# Fundamentals of data and coding for psychology

## Data storage and navigation

We have considered how data is represented in a computer in binary form.
We often don't want such data to be lost once the computer loses power - we would like to store some data on a device such as a 'hard disk'.
How we go about storing our data is an important consideration for research projects&mdash;particularly when dealing with sensitive and confidential information, we need to know how and where the data is stored.

The learning objectives for this lesson are for you to be able to:
* Describe the components of filenames and file paths.
* Navigate a filesystem using absolute and relative paths.
* Develop a data storage/organisation strategy for a research project.

### Files

We can define a 'file' as a set of bytes that are stored on some medium, such as a disk, and the associated 'meta-data'.
Such meta-data can include things like the time the file was created and changed, permissions on who can access it, etc.

We are going to consider two aspects of the meta-data: the *filename* and the *file path*.

#### Filenames

You are likely to all be familiar with the concept of filenames - those are what you type when you want to save a file, for example.
They consist of two components: a *stem* and an (optional) *extension* (or *suffix*).

For example, consider the filename `my_essay.docx`.
Here, the stem would be `my_essay` and the extension would be `.docx`.

(A trend in some operating systems, such as Windows, is to *hide* the extension by default when using a viewer like Windows Explorer.
It is important to know that the extension is still there and is still part of the filename.
I recommend turning off this 'hide extension' functionality, if possible.)

Note that not all letters are allowed in filenames, and which letters are allowed depends on the specific filesystem&mdash;so best to keep them simple.

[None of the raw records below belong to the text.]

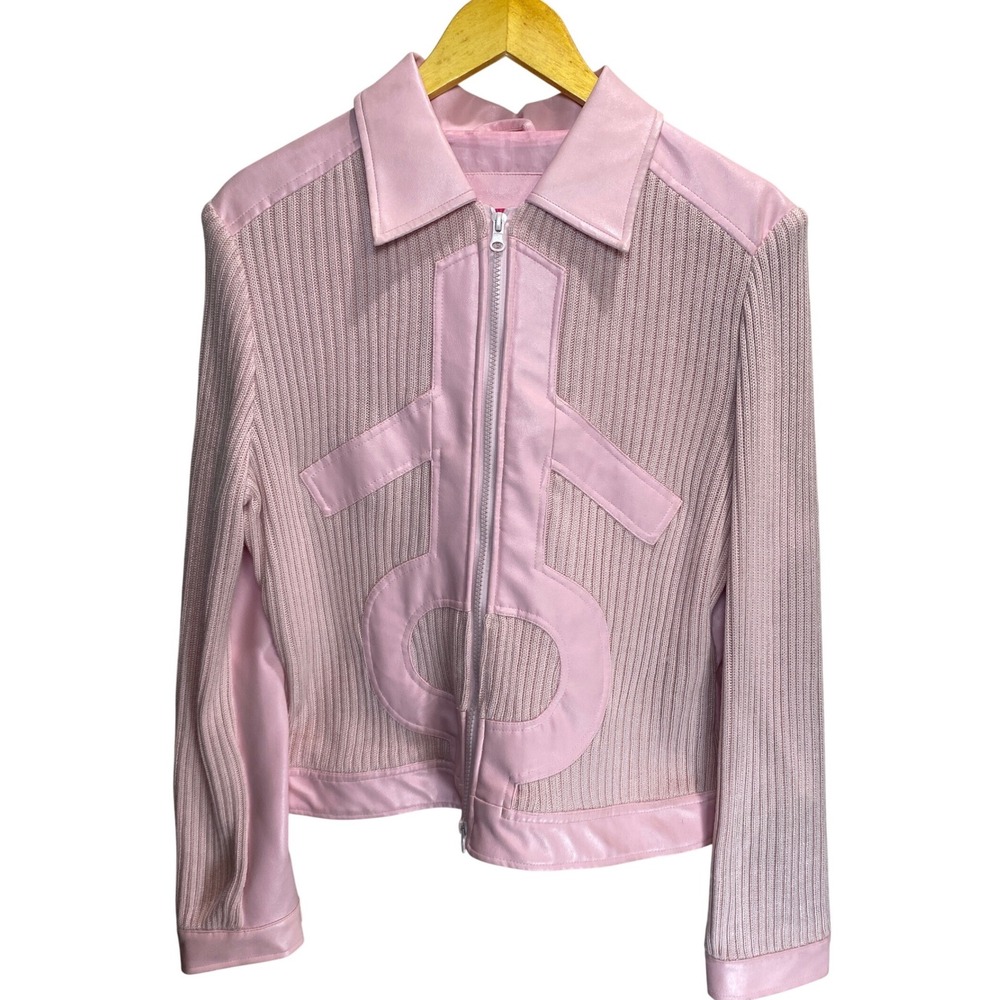 Jennyfer J Pink Faux Leather Ribbed Knit Zip Up Jacket Womens XL Y2K Barbiecore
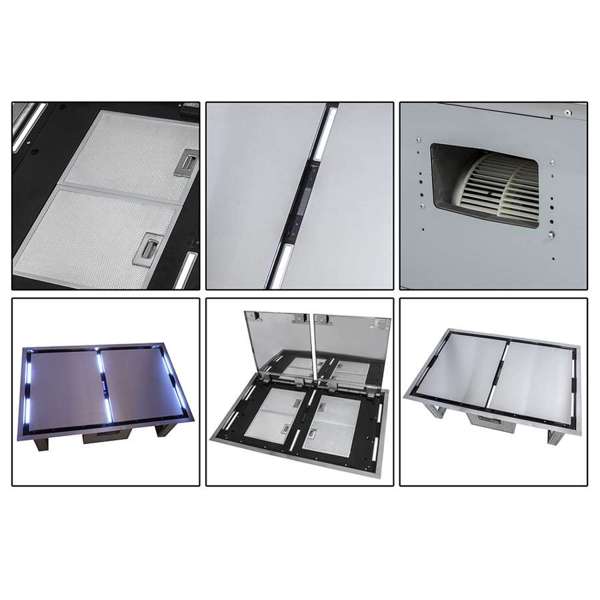 FORNO - Arezzo 44-Inch Recessed Ceiling Range Hood, Dual Motors, 1200 CFM, Hybrid Filters, Remote Control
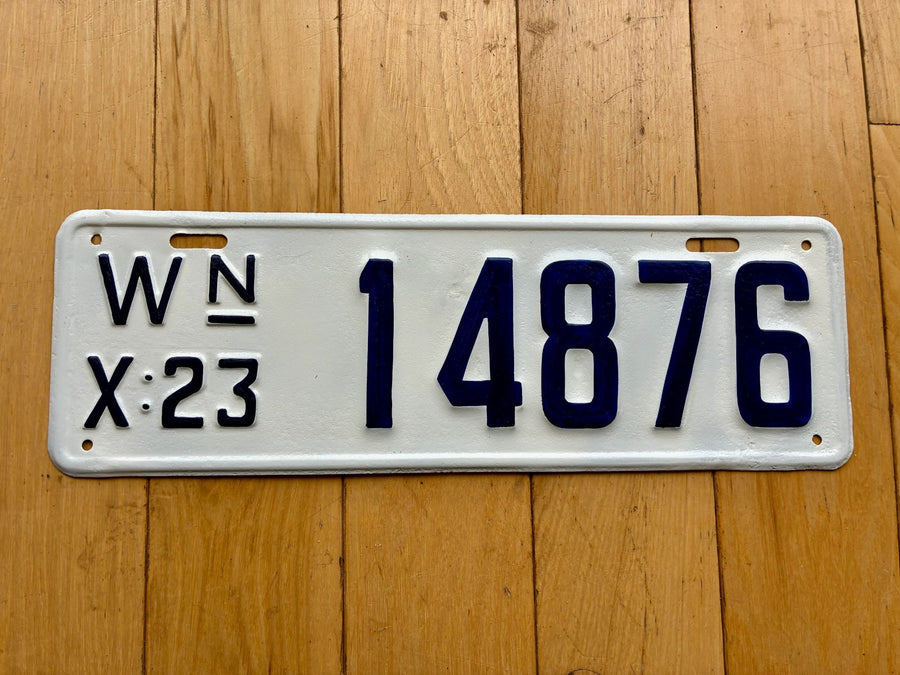 1923 Repainted Washington State License Plate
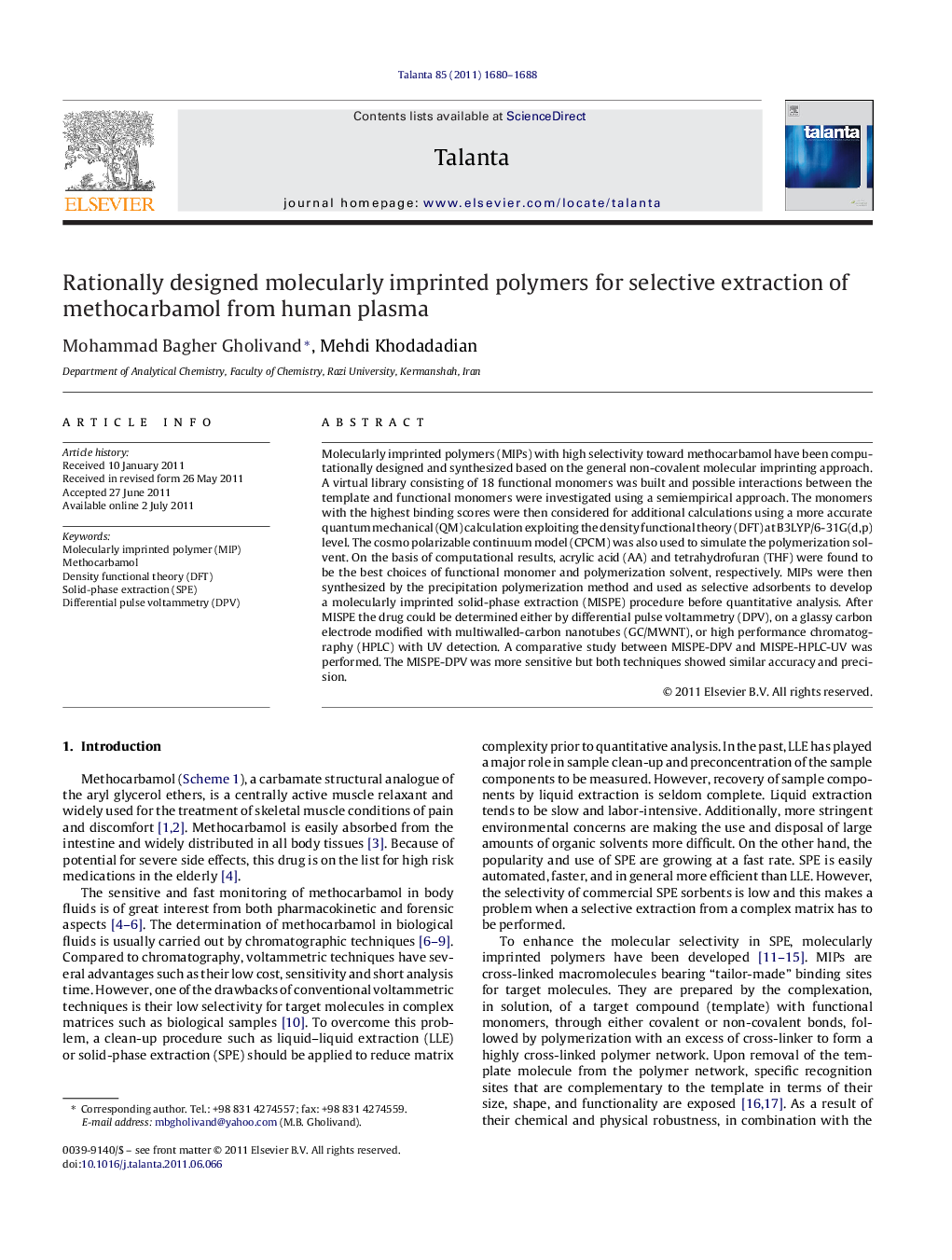 Rationally designed molecularly imprinted polymers for selective extraction of methocarbamol from human plasma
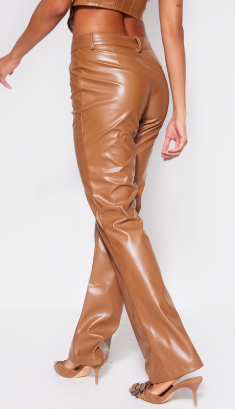 Stone Faux Leather Flared Trousers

Spaces in filenames are typically allowed (e.g. `my image.jpg`), but I'd suggest avoiding them as they can be a bit of a pain.
A frequent convention is to replace them with underscores, like we have done previously (e.g., `my_image.jpg`), or dashes (e.g., `my-image.jpg`).

Files can also have multiple extensions, such as `my_image.tar.gz`.
This is less common on Windows platforms.

##### Filenames in Python

Let's have a look at how filenames are handled in Python.
There is special functionality in Python for obtaining information about filenames called `pathlib`.
To make this additional functionality available to use, we use the special Python command `import`.

In [None]:
import pathlib

We can now access the `pathlib` functionality by methods and objects that are stored in the `pathlib` variable.
Of particular interest to us is the `Path` object:

In [None]:
doc_path = pathlib.Path("my_essay.docx")

As you can see, we provide it with a string that contains the filename and it returns an object that we store in a variable we have called `image_path`.
This variable then contains a bunch of useful methods and properties.
Like what?
There is a good list in the [Python documentation](https://docs.python.org/3/library/pathlib.html#methods-and-properties).

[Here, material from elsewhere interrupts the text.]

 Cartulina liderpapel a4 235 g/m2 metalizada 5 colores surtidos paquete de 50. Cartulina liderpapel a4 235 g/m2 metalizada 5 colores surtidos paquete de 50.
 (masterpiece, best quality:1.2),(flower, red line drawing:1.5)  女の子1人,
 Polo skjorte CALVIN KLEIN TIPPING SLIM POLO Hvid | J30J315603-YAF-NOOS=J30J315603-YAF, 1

Let's have a look at a few:

In [None]:
print(doc_path.stem)

In [None]:
print(doc_path.suffix)

In [None]:
print(doc_path.name)

In [None]:
print(doc_path.suffixes)

Another useful path method is `with_suffix`, which returns a path object where the suffix has been replaced.

Inspect the help for this method, and then use it to convert `my_essay.docx` into `my_essay.xcod`:

In [None]:
doc_path.with_suffix?

##### File extensions don't really matter for the data (but they do matter for people working with the files)

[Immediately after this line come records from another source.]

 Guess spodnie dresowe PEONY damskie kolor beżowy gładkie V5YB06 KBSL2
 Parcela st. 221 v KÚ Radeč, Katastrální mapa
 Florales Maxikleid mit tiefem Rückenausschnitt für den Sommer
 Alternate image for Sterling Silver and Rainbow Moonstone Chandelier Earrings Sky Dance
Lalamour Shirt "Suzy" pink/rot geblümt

Something that I have noticed has come up in many previous years of this class is that students tend to think of file *contents* as being determined by file *extensions*.
These things often covary, but this is not necessary; your `my_essay.docx` is no less of a Word document if you rename it `my_essay.xcod`.
Relatedly, an image called `my_img.jpg` does not become a Word document if you rename it to `my_img.docx`.
As we have discussed, the critical thing is the underlying *bytes*&mdash;which are not changed by altering the extension.

Note 1: this is only true for *renaming* files. If you explicitly ask the program to save it in a different format (e.g., using 'Save As'), that is likely to change the underlying bytes.

Note 2: you might have difficulties opening your `my_essay.xcod` file your usual way.
This is because your operating system (Windows, Mac, Linux) uses the file extension to know what program to open it with.

Self-contained files containing Python code (i.e., code that is just code, rather than being part of a notebook like this one) are typically given the `.py` extension.
However, as we've just gone through, this is not necessary&mdash;it only need contain bytes that are valid Python code.

The above concerns the (lack of a necessary) relationship between a file's name and its data contents.
However, **file names are still super important**!
They are important because we as people need to interact with the files, and file names are a critical component of understanding what the file contains.
We will discuss this concept more later in the lesson.

#### File paths

The other aspect of files of interest is their *path*; that is, their location on the storage medium.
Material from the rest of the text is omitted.